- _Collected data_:
= = = = = = =

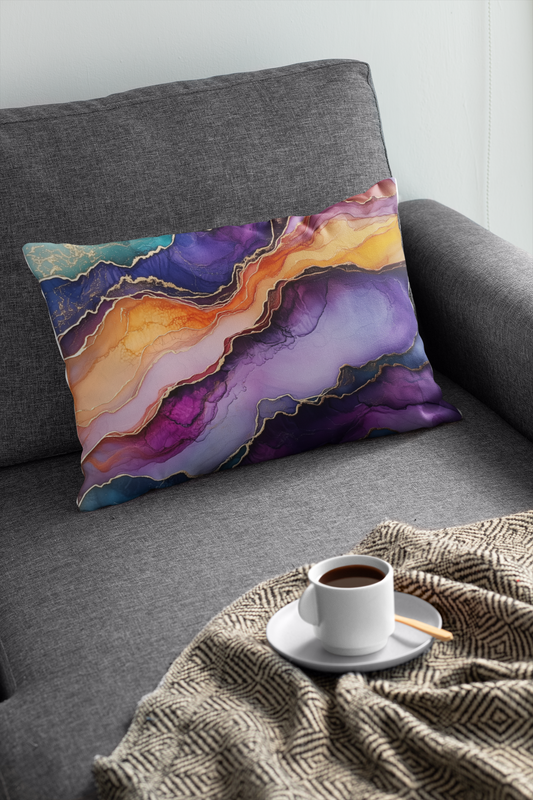 Liquid Opulence – Fluid Art Pillow Cover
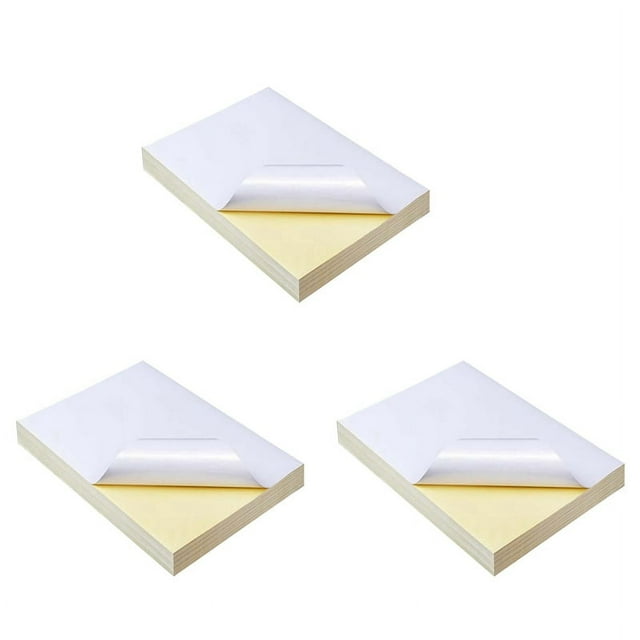 150 Sheets A4 White Self Adhesive Waterproof Sticker Label Glossy Surface Paper for Inkjet Printer Copier
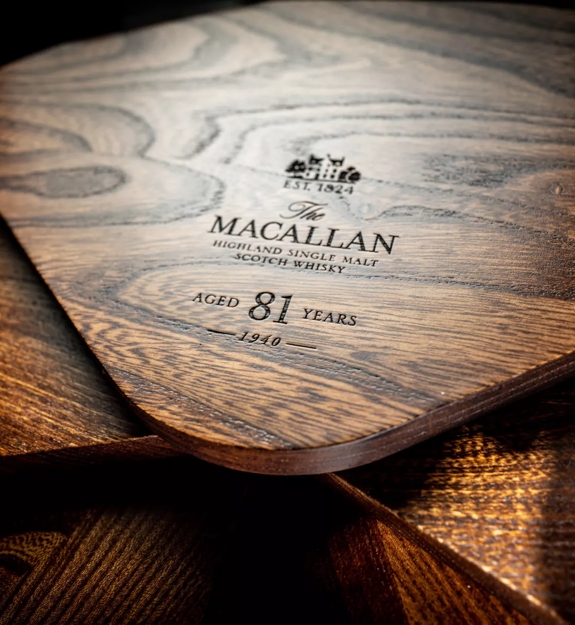 The Macallan The Reach 81 year old Whisky pack top logo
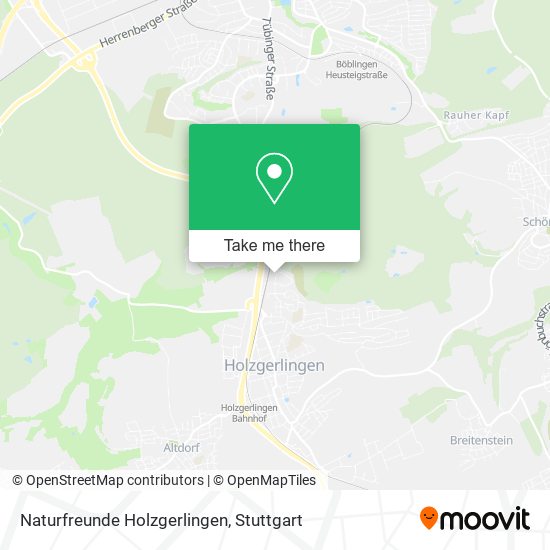 Naturfreunde Holzgerlingen map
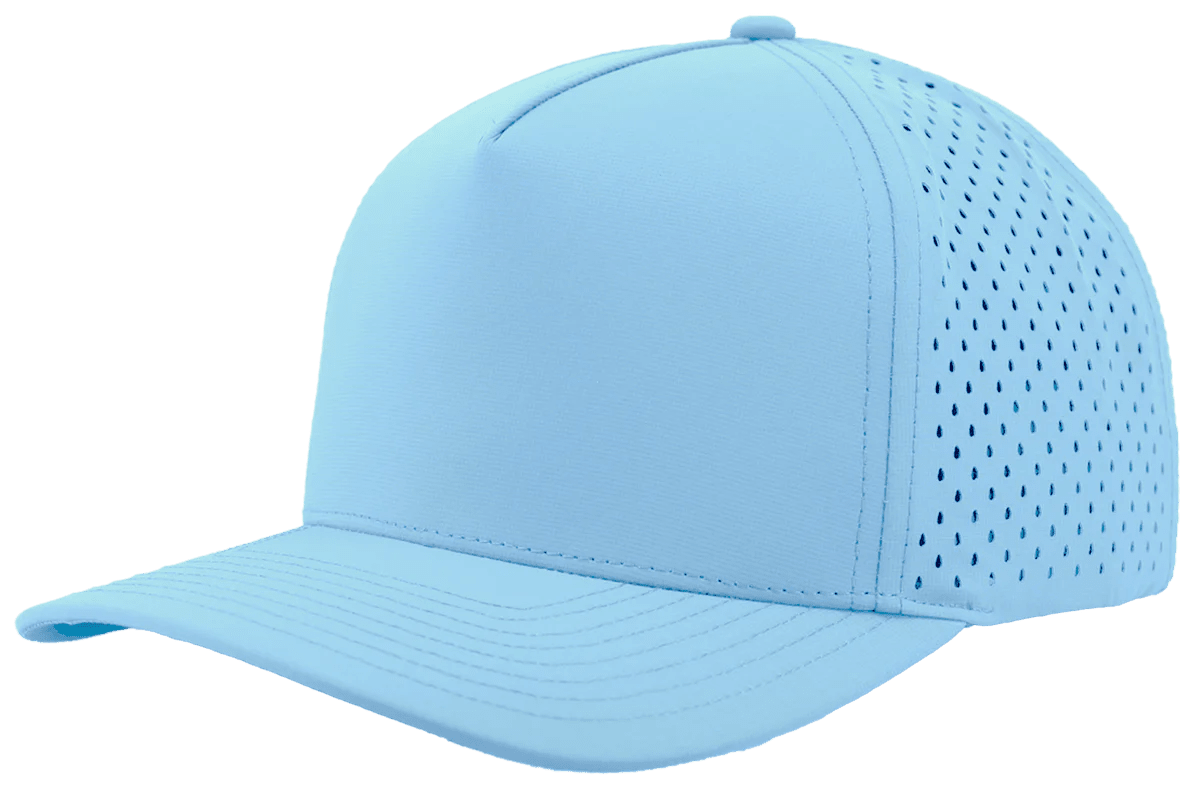 Zapped Headwear BLACKHAWK 5 - Panel Snapback Hat | Wholesale Performance Caps Colombia Blue Adjustable Hats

= = = = = = =

The lines to copy begin at the one containing "150 Sheets A4" and end at the last line of the records. Set down exactly those lines and no others, both ends included, and omit all pictures.

- _Solution for this exercise_:
 150 Sheets A4 White Self Adhesive Waterproof Sticker Label Glossy Surface Paper for Inkjet Printer Copier
 The Macallan The Reach 81 year old Whisky pack top logo
 Naturfreunde Holzgerlingen map
 Zapped Headwear BLACKHAWK 5 - Panel Snapback Hat | Wholesale Performance Caps Colombia Blue Adjustable Hats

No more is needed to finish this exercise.